Tenía tantas ganas de volver a casa, visitar mi barrio y estar con los míos, que me pasé tres largas noches en vela; y cuando llegué, sólo encontré ruinas, mi antigua casa se había vuelto cenizas, de lejos podían verse los fósiles y restos de personas a las que, para identificarla, era necesaria una exhaustiva prueba de ADN.

Algunos de los que sobrevivieron, los había perdido la pista, decidieron huir y dejar atrás aquel barrio maldito, asolado y devastado; completamente marcado por el terror, la desolación y el desconsuelo, de una lucha cruel sin revancha.

Mis amigos del vermut, aquellas risas mañaneras de mientras nos tomamos el café; aquel run run del telefonillo sonando sin parar, invitandome a un botellin, una caña o vaya usted a saber.

A cada cual su ocurrencia, cada trago de cerveza, tenía como recompensa una enorme carcajada, que podría escucharse hasta en el centro de la ciudad. Sí, como lo oyes, “hasta el centro” porque en ocasiones, parecía ser que me tragaba el micrófono.

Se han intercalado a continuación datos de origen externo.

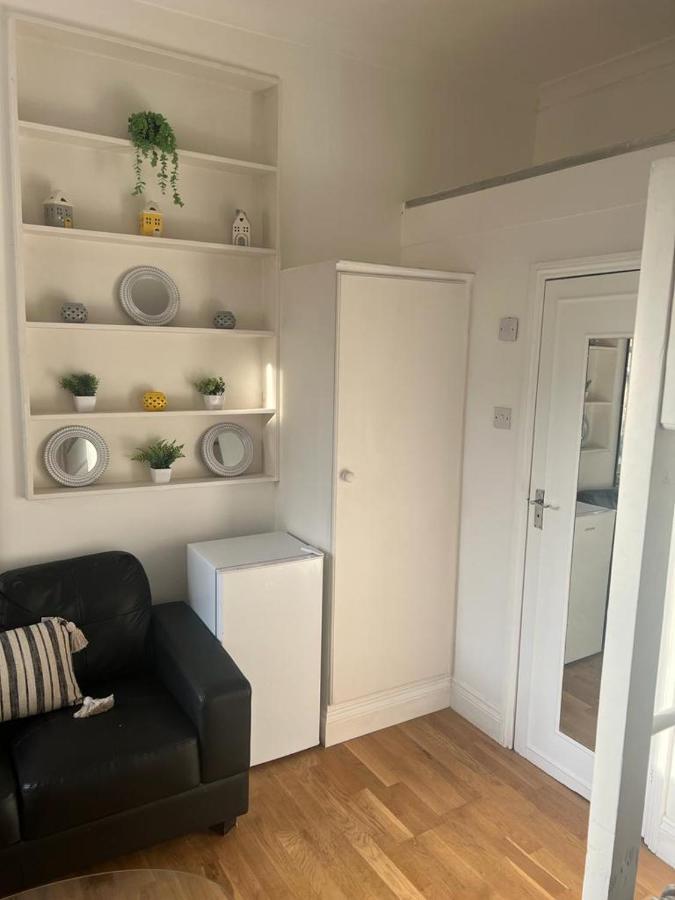 Lovely First Floor Flat-2 ロンドン エクステリア 写真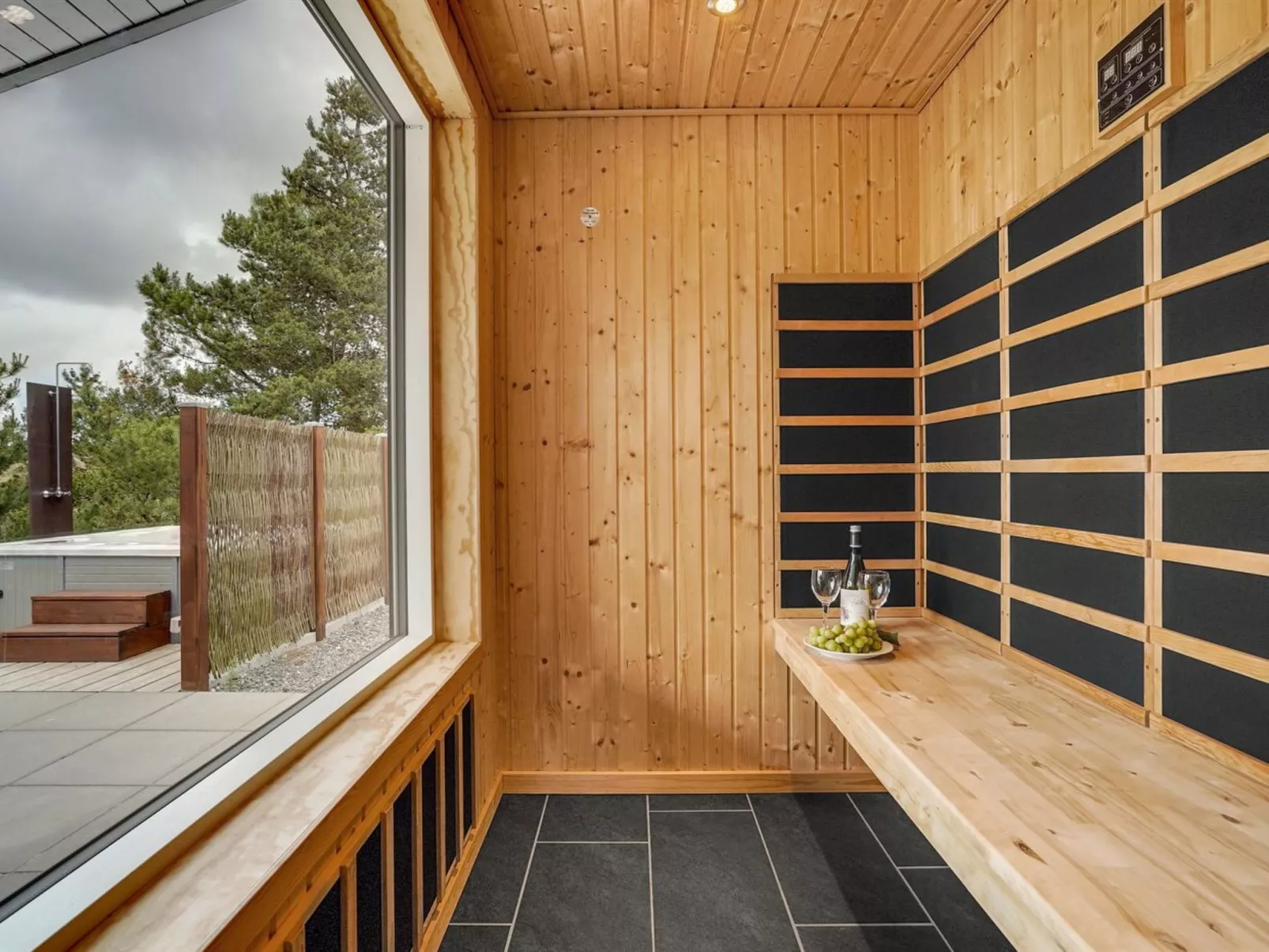 "Soili" - 1.2km from the sea-Inside
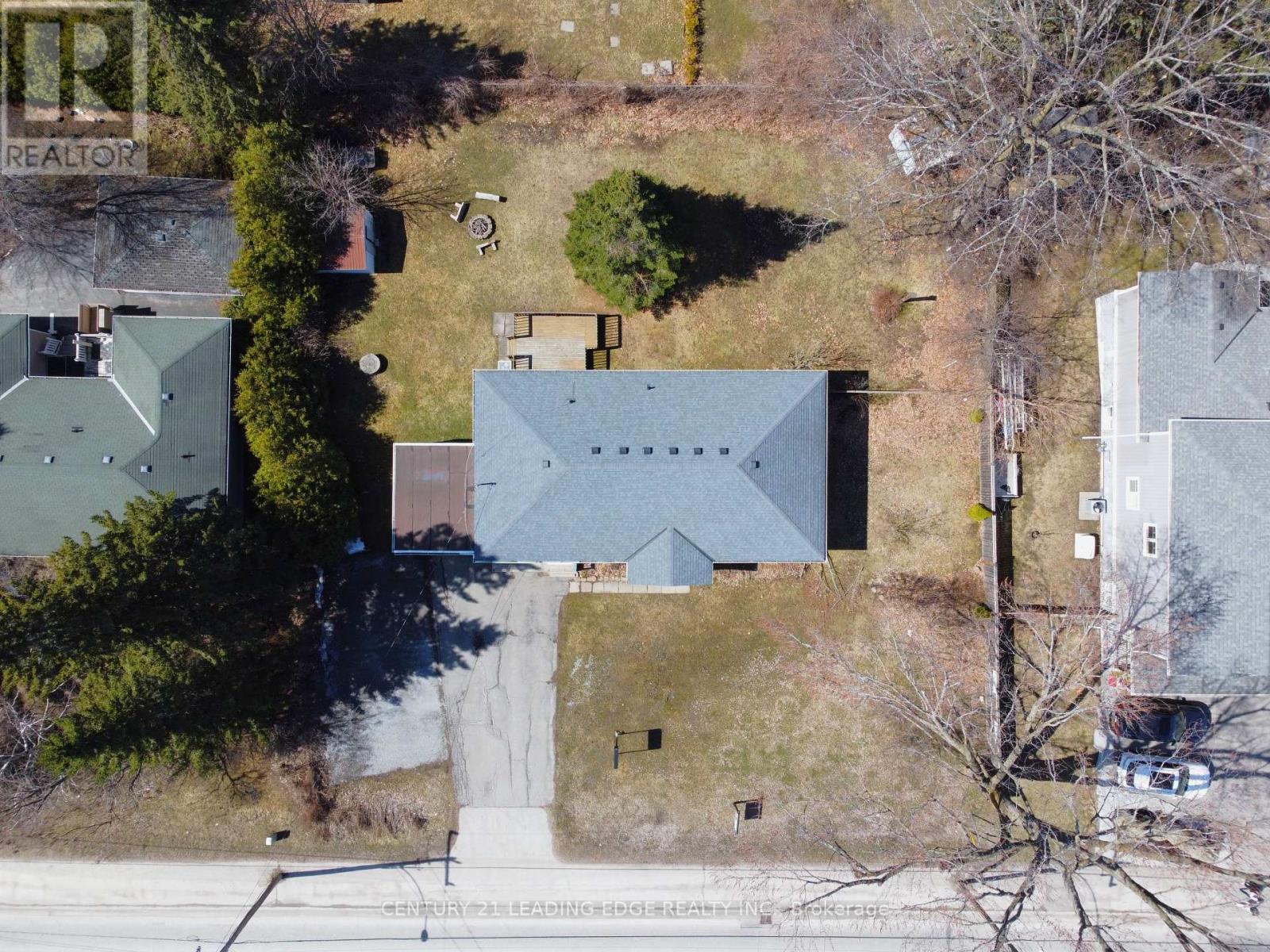 350 The Queensway S, Georgina, Ontario  L4P 2B9 - Photo 39 - N12066042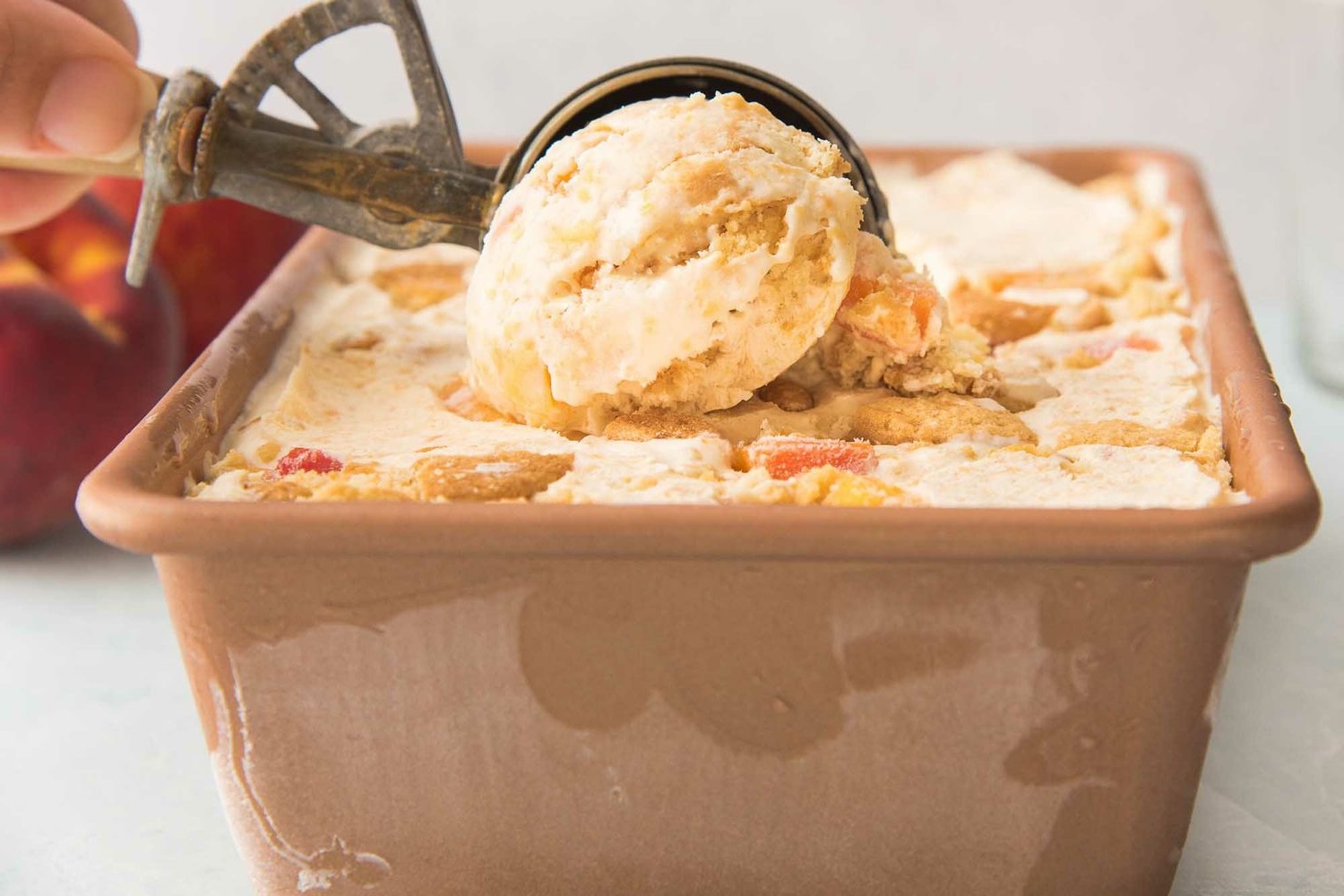 peach-cobbler-sundae-recipe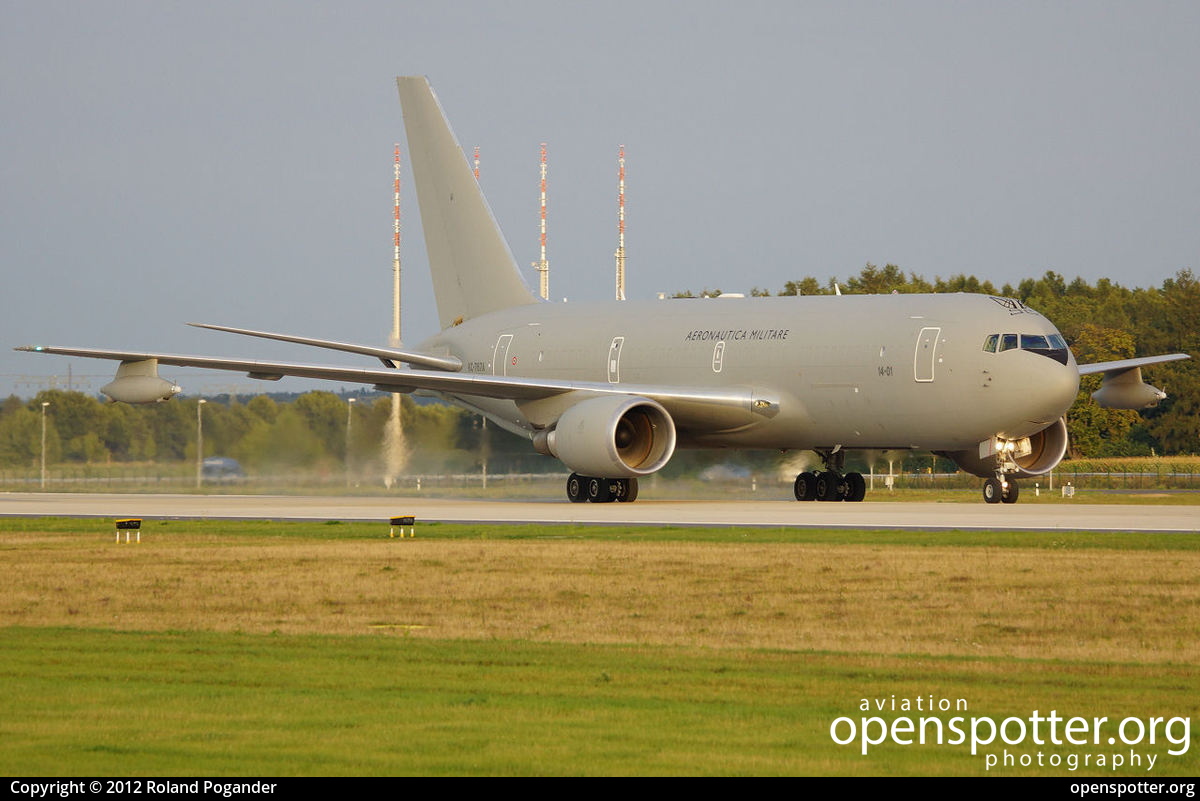 MM62226 - Italy Air Force (Aeronautica Militare) Boeing 767-2EY(ER) at Berlin-Schönefeld International Airport (SXF/EDDB) taken by Roland Pogander | openspotter.org | ID: 4175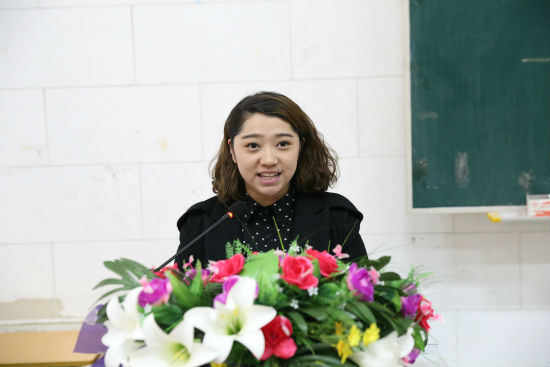 4团委副书记刘博作best365中国官方网站2015学生社会实践总结报告.jpg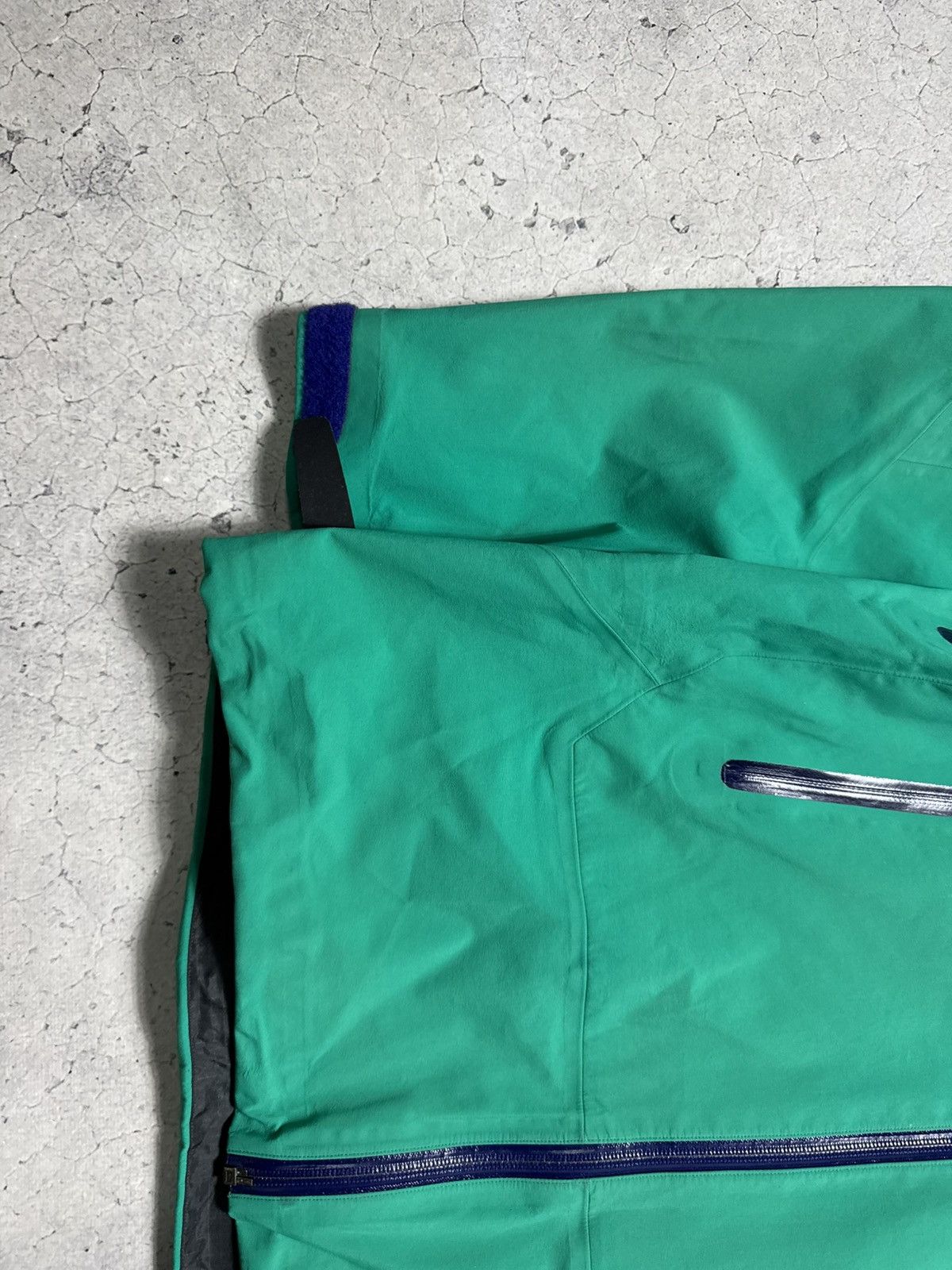 Arc'teryx Arcteryx Gore-Tex Nylon Windbreakers Jacket Outdoor Size M Size US M / EU 48-50 / 2 - 2 Thumbnail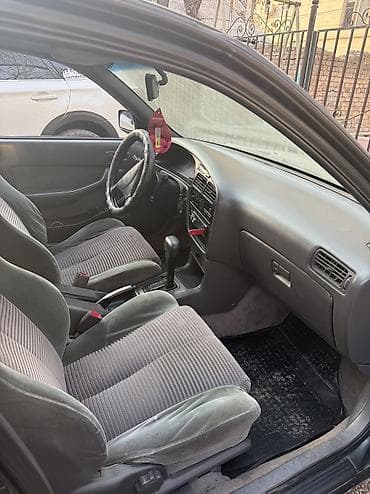 corolla spacio: Toyota Camry: 1993 г., 2.2 л, Автомат, Бензин, Седан — 5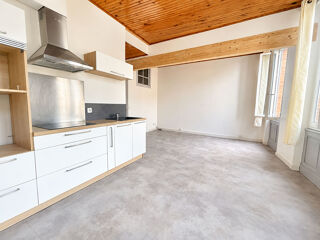  Appartement à louer 3 pièces 65 m²
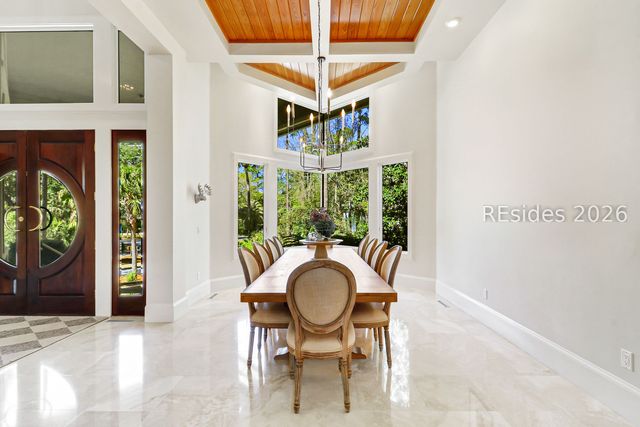 6 Dalton Ct, Hilton Head Island, SC 29928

Tapas, risas, cañas, sin pasar por alto los cubatas, a ser posible de vodka con limón, y “cuidado que la niña te hace la croqueta si va un poco pasada de rosca” decía sonriente mi gran amiga Piluchi.

Mi barrio ya no es lo que era, a perdido su encanto, muchos se han ido lejos, —yo la primera—; otros han emprendido su viaje de ida, sin billete de vuelta…, jamás volveremos a vernos, se quedan en nuestro recuerdo y sólo nos queda decirles que “hasta siempre” y que descansen en paz.

2 comentarios en “Hogar”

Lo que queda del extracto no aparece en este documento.